BEGIN THE INPUT

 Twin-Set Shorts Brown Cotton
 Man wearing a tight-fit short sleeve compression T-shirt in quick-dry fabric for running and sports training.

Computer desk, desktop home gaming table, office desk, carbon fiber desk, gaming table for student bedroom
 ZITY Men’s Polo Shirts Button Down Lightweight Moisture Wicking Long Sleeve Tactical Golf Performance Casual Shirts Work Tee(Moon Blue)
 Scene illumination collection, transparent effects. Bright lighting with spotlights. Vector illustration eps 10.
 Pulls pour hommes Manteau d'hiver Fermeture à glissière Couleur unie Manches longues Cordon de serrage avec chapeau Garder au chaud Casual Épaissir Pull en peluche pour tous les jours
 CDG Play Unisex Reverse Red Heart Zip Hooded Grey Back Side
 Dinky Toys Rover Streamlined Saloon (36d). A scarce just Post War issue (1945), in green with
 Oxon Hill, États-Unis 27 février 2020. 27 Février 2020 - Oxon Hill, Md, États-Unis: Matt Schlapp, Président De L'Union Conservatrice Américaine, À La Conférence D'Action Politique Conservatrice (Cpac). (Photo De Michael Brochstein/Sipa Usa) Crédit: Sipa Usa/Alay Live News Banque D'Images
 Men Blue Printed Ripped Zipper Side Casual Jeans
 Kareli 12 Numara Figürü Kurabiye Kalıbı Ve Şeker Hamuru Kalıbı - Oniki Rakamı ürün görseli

END THE INPUT
BEGIN THE INPUT

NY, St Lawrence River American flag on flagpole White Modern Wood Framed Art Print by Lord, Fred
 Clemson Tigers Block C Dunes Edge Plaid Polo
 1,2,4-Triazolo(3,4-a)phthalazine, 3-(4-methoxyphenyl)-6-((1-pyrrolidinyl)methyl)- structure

END THE INPUT
BEGIN THE INPUT

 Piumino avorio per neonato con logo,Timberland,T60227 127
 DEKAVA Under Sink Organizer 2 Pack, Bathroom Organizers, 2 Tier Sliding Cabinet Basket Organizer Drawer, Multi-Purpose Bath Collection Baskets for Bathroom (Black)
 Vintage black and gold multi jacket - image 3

END THE INPUT

» **ASSIGNED TASK**: Pick out and copy the lines of the entries that hold the string "with".

» **REPLY**:
 Scene illumination collection, transparent effects. Bright lighting with spotlights. Vector illustration eps 10.
 Dinky Toys Rover Streamlined Saloon (36d). A scarce just Post War issue (1945), in green with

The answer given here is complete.